My dear friends in the public relations, media relations and event planning professions,
Quite a few of you are probably journalism-school graduates and have heard of Stuff Journalists Like . Now, meet Stuff Journalists Don’t Like. I mean, really, really don’t like.
If you want us to cover your event, please try to avoid the following depressingly common screw-ups, all of which have happened to me or the magazines I write for over the past month or so. If you are guilty of any of the following and members of the media did show up, you are either the star candidate of a major political party, or you got lucky.

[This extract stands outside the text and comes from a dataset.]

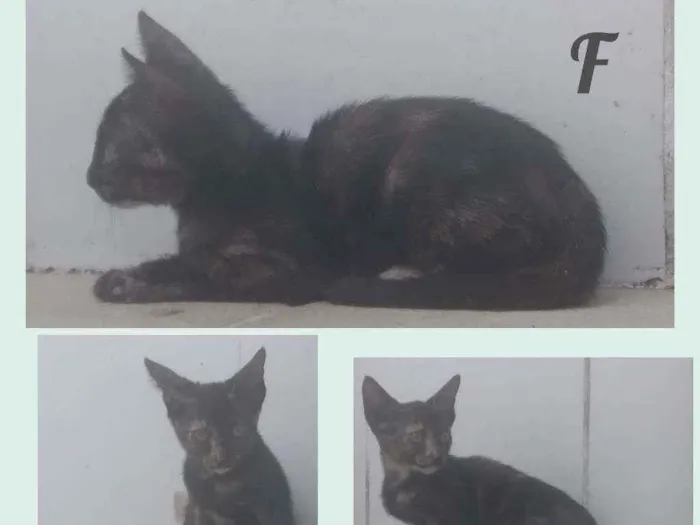Gato raça Sem definição idade 2 a 6 meses nome Tem não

1) Please do not send a press release on a Friday at 7 p.m. for an event that starts the following morning at 9. Breaking news is of course an exception, but for an event that has been planned for months this is ridiculous.
2) On the flipside, if you send a release eight weeks in advance, it may get lost in the pile. If you do this, send a follow-up a week or two before to remind us.
3) If you send us a release telling us an event will take place “sometime this month” please follow up with the actual date a few days before– not AFTER THE FACT for heaven’s sake.
4) Please do not expect us to pay admission fees to events we are supposed to be covering. We are simultaneously doing our job and doing you a favour; we pay for the privilege of neither.
5) If you are organizing a charity gala or a similar event and can’t or don’t want to feed us for free, just tell us to come after dinner. No hard feelings. If you say “Pay or don’t come!” we most likely won’t come.
6) As an organizer, you should contact media organizations yourself rather than telling volunteers or participants, “Oh, by the way, if you know any journalists, give them a shout.”
7) Get to know the publishing schedule of any non-daily media. Write to us, we’ll write back. The Chronicle-Telegraph goes to press Monday and comes out Wednesday. If you ask us on a Monday to print a quick little advance for your event for Wednesday’s paper, you are out of luck.
8) Make an effort to avoid badly spelled, badly punctuated or badly translated press releases. Journalists are journalists because they are grammar dragons.
9) Resist the temptation to hold major events out in the middle of nowhere. If it takes journalists 15 minutes to get there, they’ll probably go take a look even if the event is relatively inconsequential. A major campaign announcement inside a van on the edge of a closed park completely inaccessible by mass transit (*cough* Liberal Party of Quebec *cough*) makes no sense whatsoever.